Input: ([('A', 100), ('B', 100), ('C', 100), ('D', 100)], [('B', 'A', 10), ('A', 'B', 20), ('B', 'C', 30), ('A', 'D', 40), ('C', 'C', 5)])
Expected Output: {'valid_transactions': [('B', 'A', 10), ('A', 'B', 20), ('B', 'C', 30), ('A', 'D', 40), ('C', 'C', 5)], 'distinct_source_accounts': 3, 'top_source_accounts': {'A': 2, 'B': 2, 'C': 1}}
Explanation: All transactions are valid. A and B tie with 2 transactions each, so the tie is broken by account number ascending.
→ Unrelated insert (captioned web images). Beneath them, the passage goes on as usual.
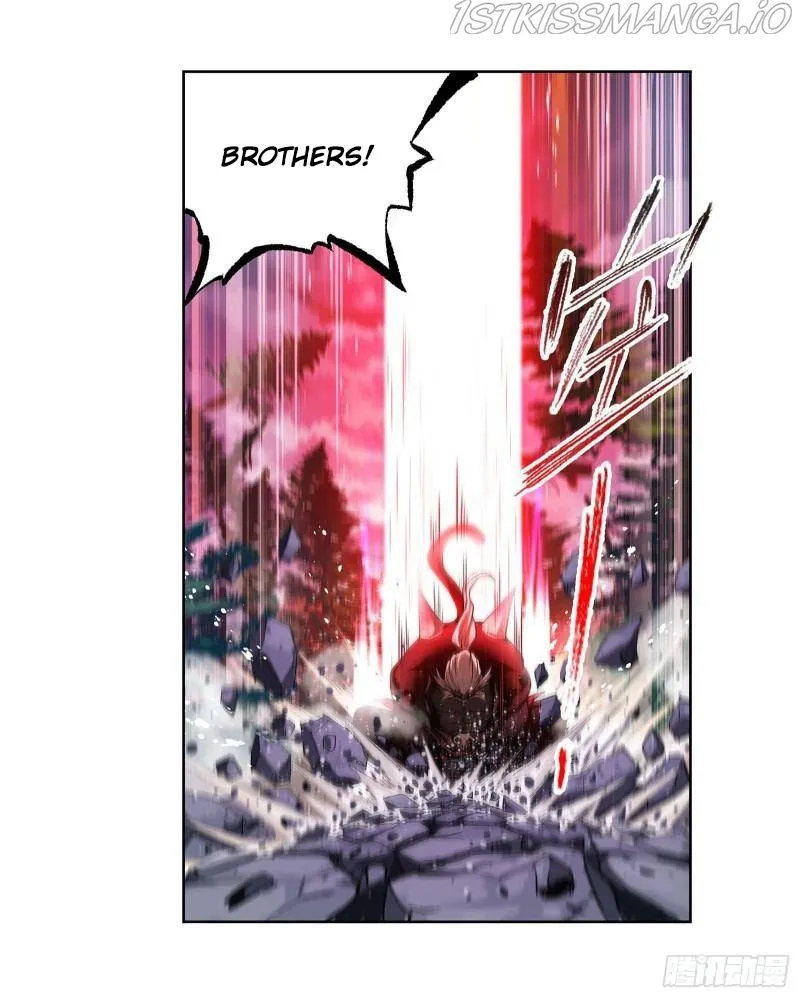 Soul Land ( Douluo Dalu ) Chapter 313 Online - página 46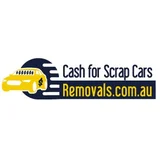 Cash for Scrap Cars Removals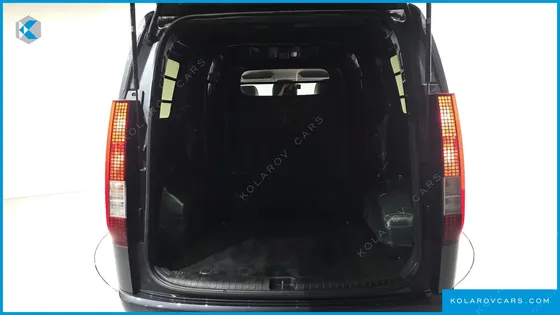 HYUNDAI STARIA L3.5 CARGO 5-SEATER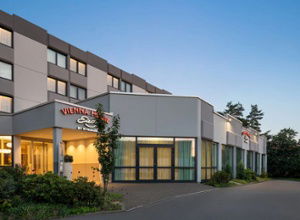 Vienna House Easy by Wyndham Frankfurt Airport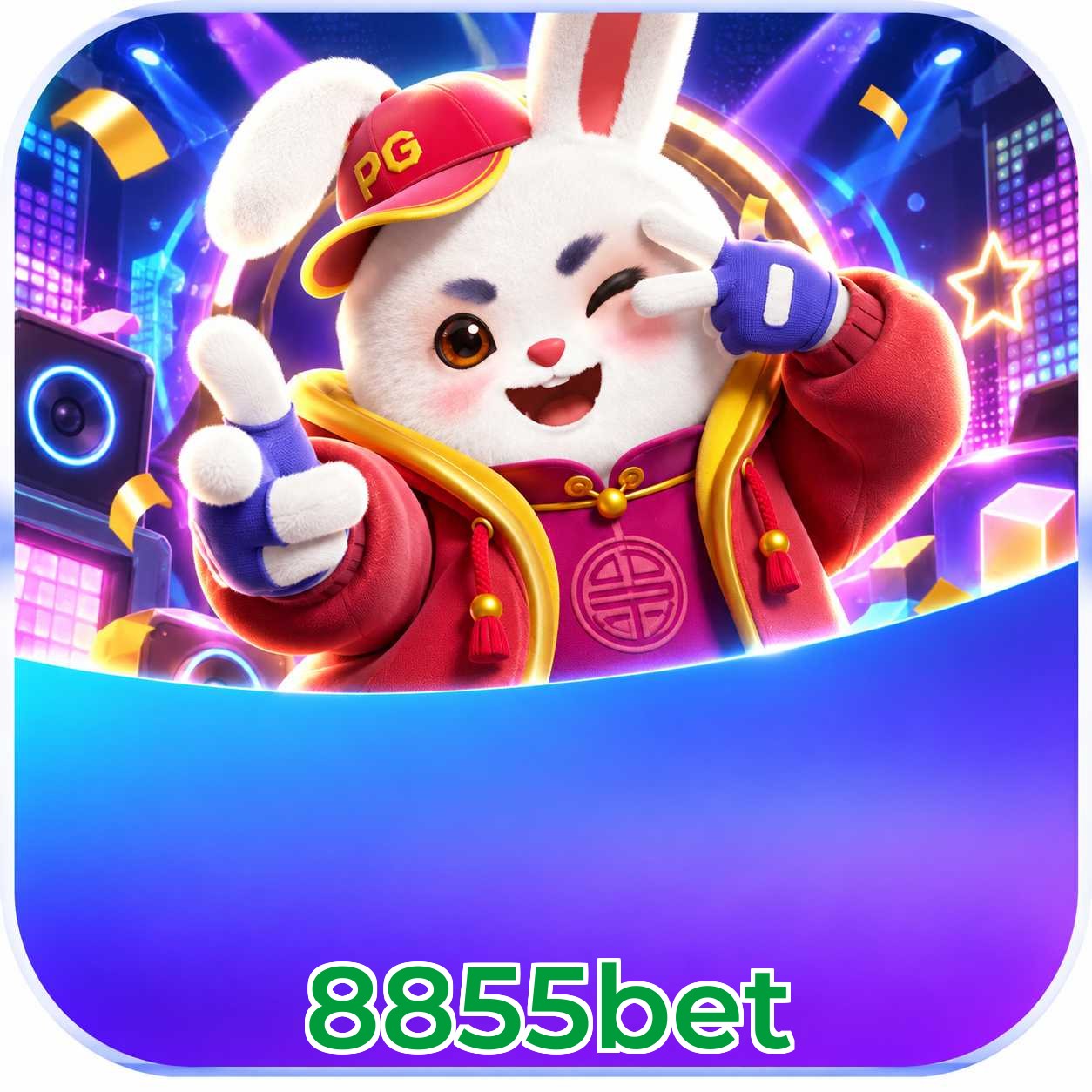 8855bet Jogos Exclusivos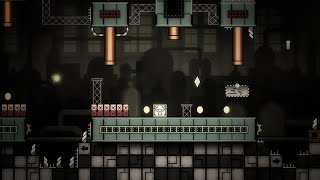 In The Factory - Geometry Dash 2.?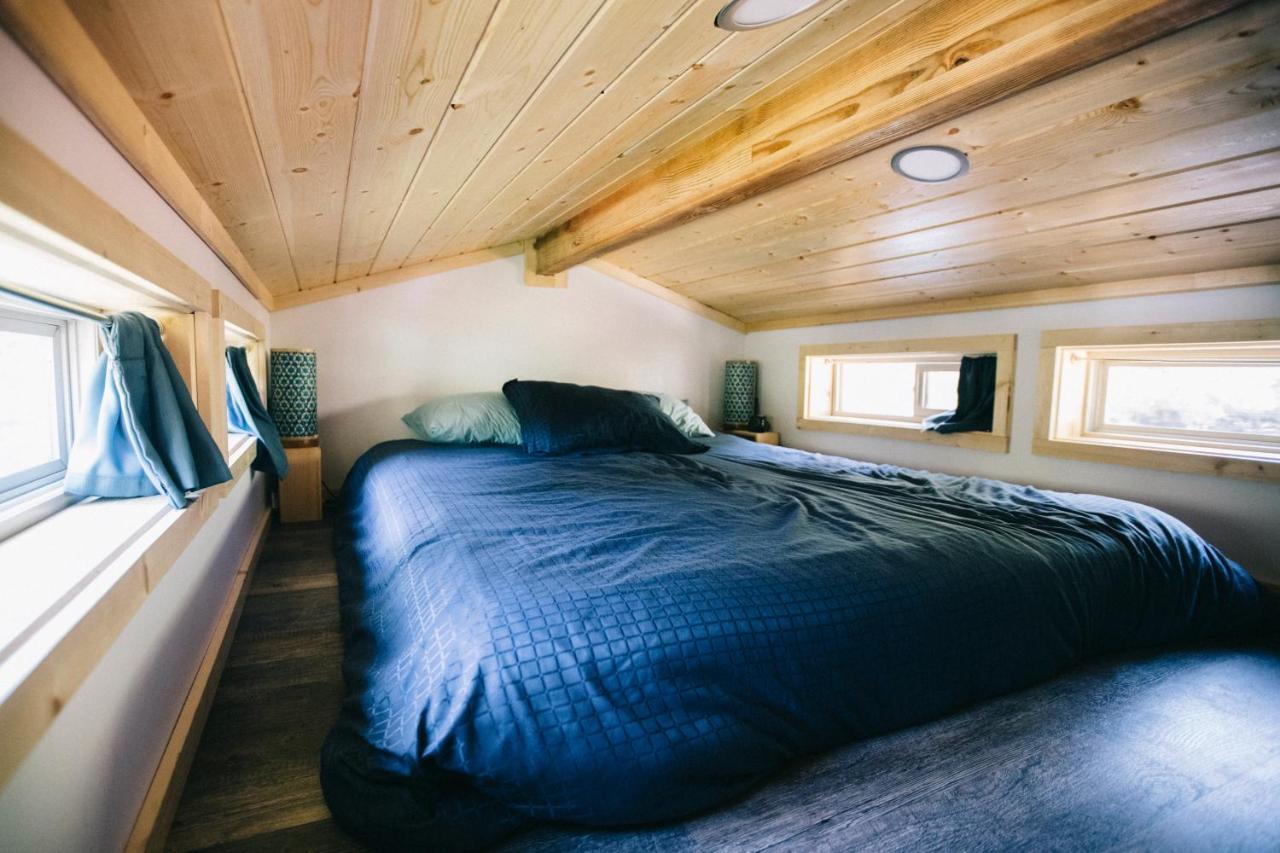 Umpqua'S Last Resort - Wilderness Cabins, Rv Park & Glamping Idleyld Park Exterior foto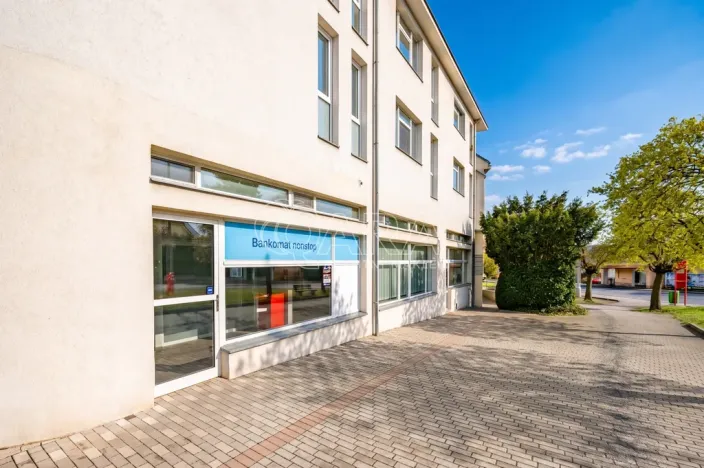 Pronájem obchodního prostoru, Roztoky, Lidická, 143 m2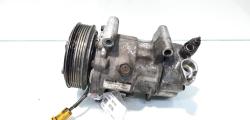 Compresor clima, cod 9655191680, Peugeot 206 Van, 1.4 HDI, 8HX (idi:467749)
Input: ([('A01', 100), ('A02', 100), ('A03', 100), ('A04', 100), ('A05', 100), ('A06', 100), ('A07', 100), ('A08', 100), ('A09', 100), ('A10', 100), ('A11', 100), ('A12', 100)], [('A01', 'A12', 1), ('A02', 'A12', 1), ('A03', 'A12', 1), ('A04', 'A12', 1), ('A05', 'A12', 1), ('A06', 'A12', 1), ('A07', 'A12', 1), ('A08', 'A12', 1), ('A09', 'A12', 1), ('A10', 'A12', 1), ('A11', 'A12', 1)])
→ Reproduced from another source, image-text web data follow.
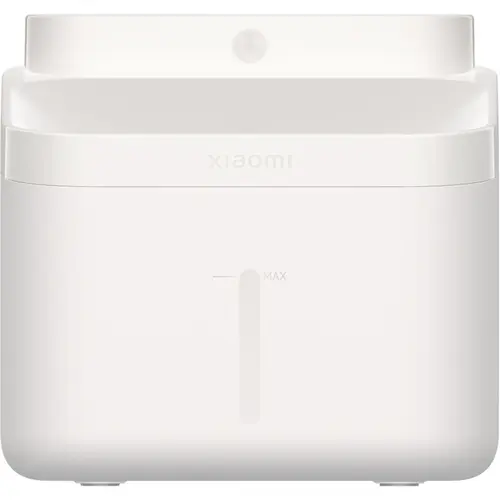 Fantana pentru animale Xiaomi Smart pet Fountain 2, 10 W, 3 l, IPX7 (Alb)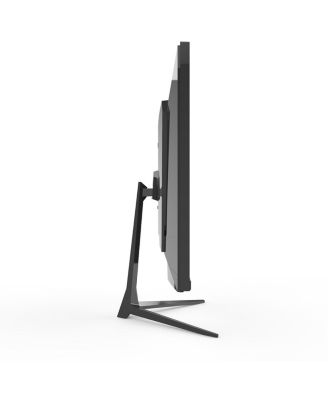 27 inch 4K UHD 3840 x 2160 160Hz 1ms IPS Gaming Monitor, 1.07 Billion Color, 450cd/m2, FreeSync, HDMI x 2, DP x 2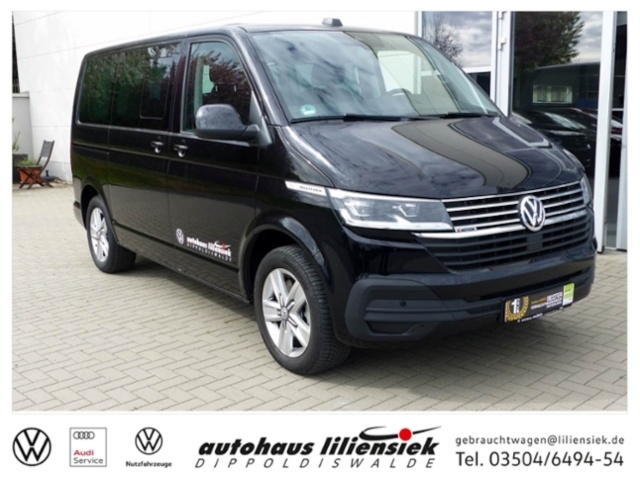Volkswagen T6.1 Multivan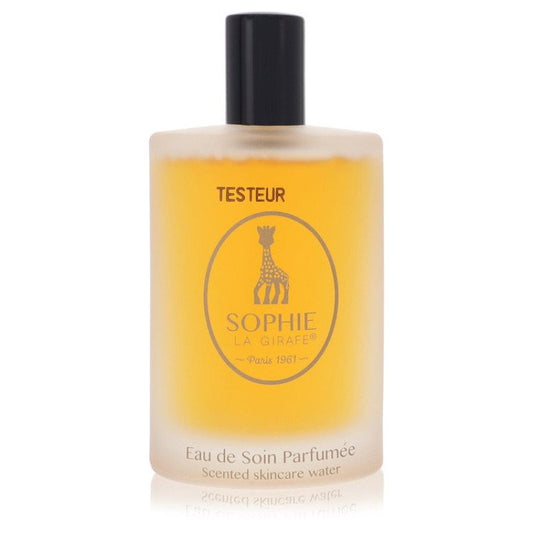 Sophie la Girafe Sophie la Girafe, La Girafe, Parfümiert, Körperspray, 100 ml *Tester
Expected Output: {'valid_transactions': [('A01', 'A12', 1), ('A02', 'A12', 1), ('A03', 'A12', 1), ('A04', 'A12', 1), ('A05', 'A12', 1), ('A06', 'A12', 1), ('A07', 'A12', 1), ('A08', 'A12', 1), ('A09', 'A12', 1), ('A10', 'A12', 1), ('A11', 'A12', 1)], 'distinct_source_accounts': 11, 'top_source_accounts': {'A01': 1, 'A02': 1, 'A03': 1, 'A04': 1, 'A05': 1, 'A06': 1, 'A07': 1, 'A08': 1, 'A09': 1, 'A10': 1}}
Explanation: There are 11 distinct valid source accounts, but only the top 10 should be returned. Since all counts are equal, the lexicographically smallest 10 account numbers are kept.
Hints
- Build a hash map from account number to balance so account existence and balance checks are O(1).
- After filtering valid transactions, count source accounts and sort by count descending, then account number ascending.